WHAT TO PRODUCE: Go to the line with "El Libro Cocina" in the material below and copy from there through the line with "Riddle: Okay so", exactly. Pictures are not copied.

(PROVIDED INFORMATION begins)

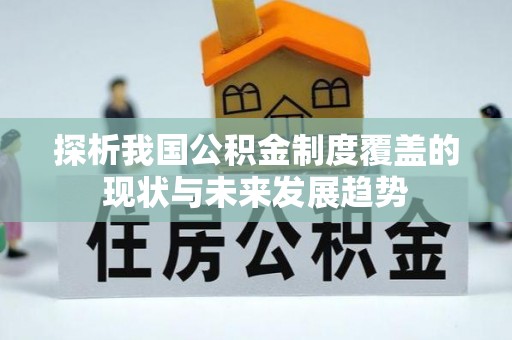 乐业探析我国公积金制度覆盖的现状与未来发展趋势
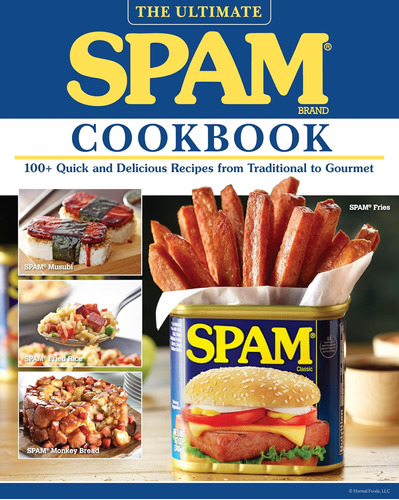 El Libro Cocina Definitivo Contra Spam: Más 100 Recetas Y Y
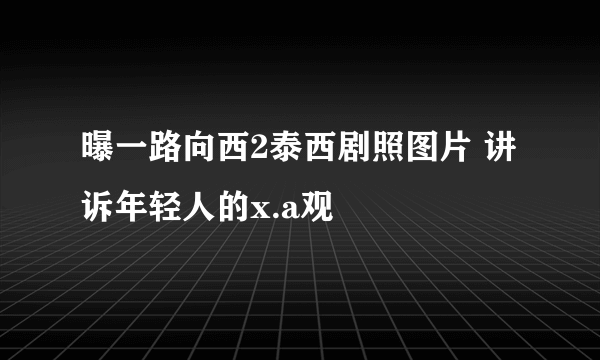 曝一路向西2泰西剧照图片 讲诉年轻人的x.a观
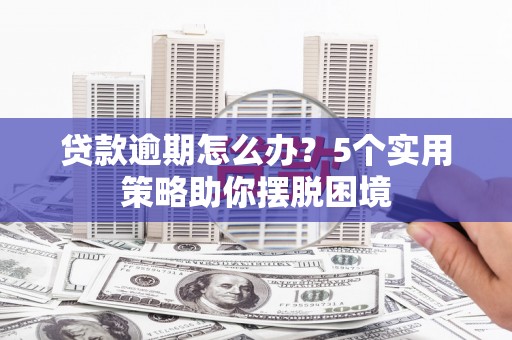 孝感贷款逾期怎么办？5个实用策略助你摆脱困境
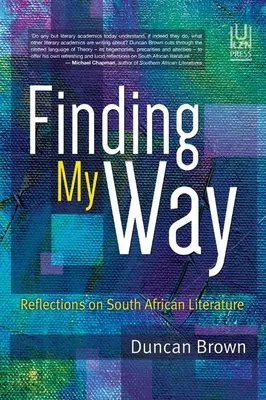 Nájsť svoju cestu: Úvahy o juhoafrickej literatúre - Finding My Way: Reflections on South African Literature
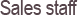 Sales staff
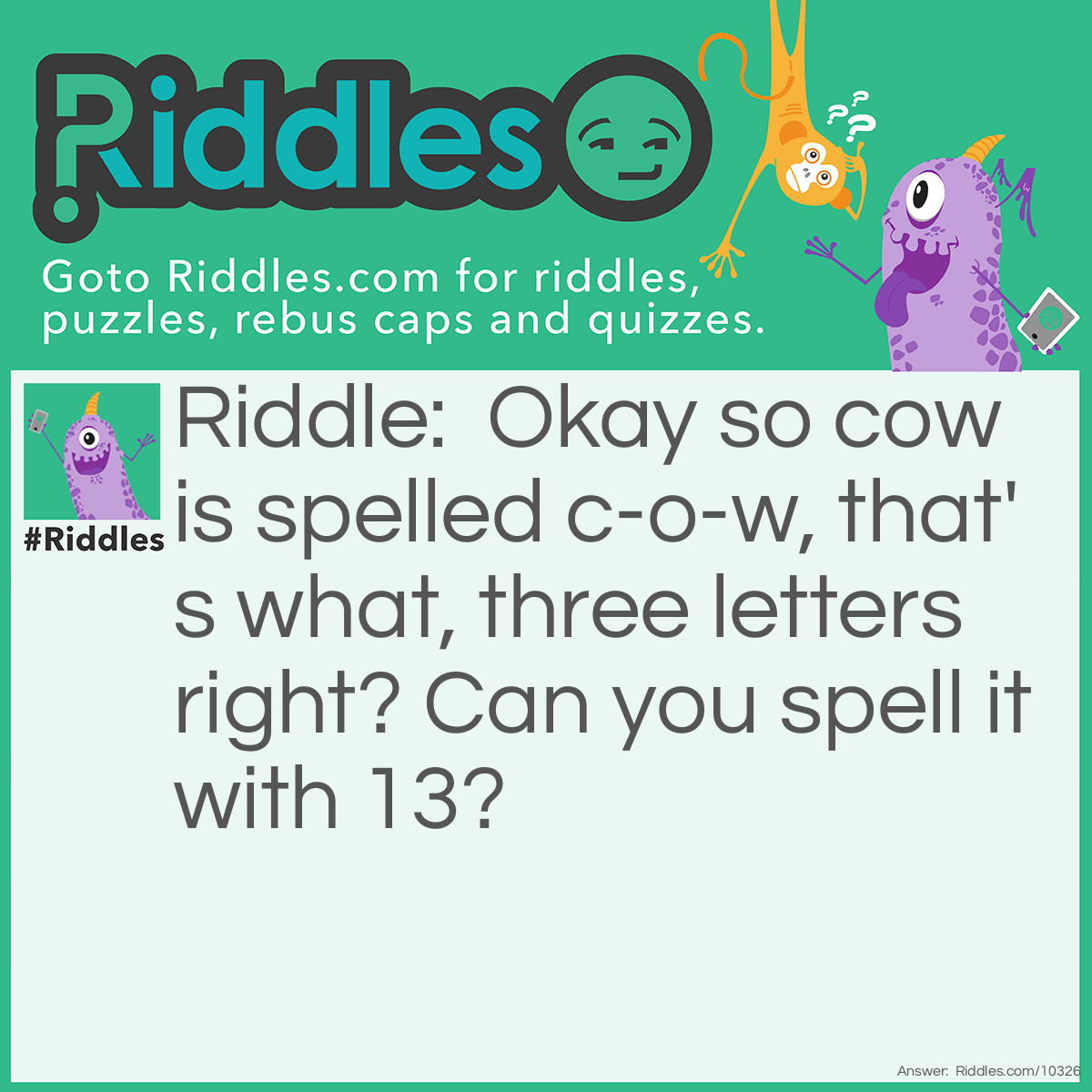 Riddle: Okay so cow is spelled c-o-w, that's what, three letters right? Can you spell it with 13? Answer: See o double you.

(PROVIDED INFORMATION ends)
(PROVIDED INFORMATION begins)

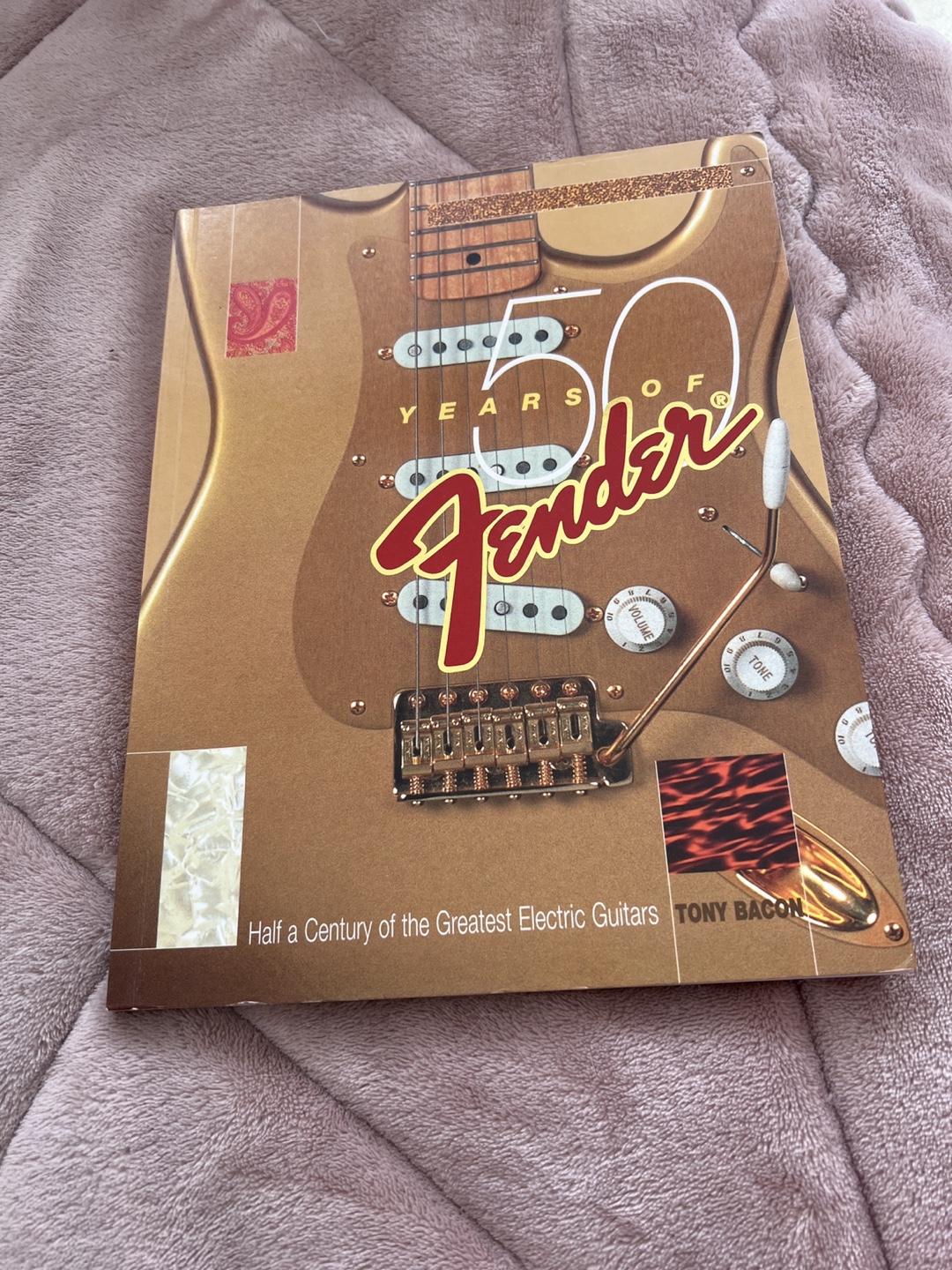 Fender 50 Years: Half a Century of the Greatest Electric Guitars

(PROVIDED INFORMATION ends)

PROBLEM SOLUTION:
 El Libro Cocina Definitivo Contra Spam: Más 100 Recetas Y Y
 曝一路向西2泰西剧照图片 讲诉年轻人的x.a观
 孝感贷款逾期怎么办？5个实用策略助你摆脱困境
 Nájsť svoju cestu: Úvahy o juhoafrickej literatúre - Finding My Way: Reflections on South African Literature
 Sales staff
 Riddle: Okay so cow is spelled c-o-w, that's what, three letters right? Can you spell it with 13? Answer: See o double you.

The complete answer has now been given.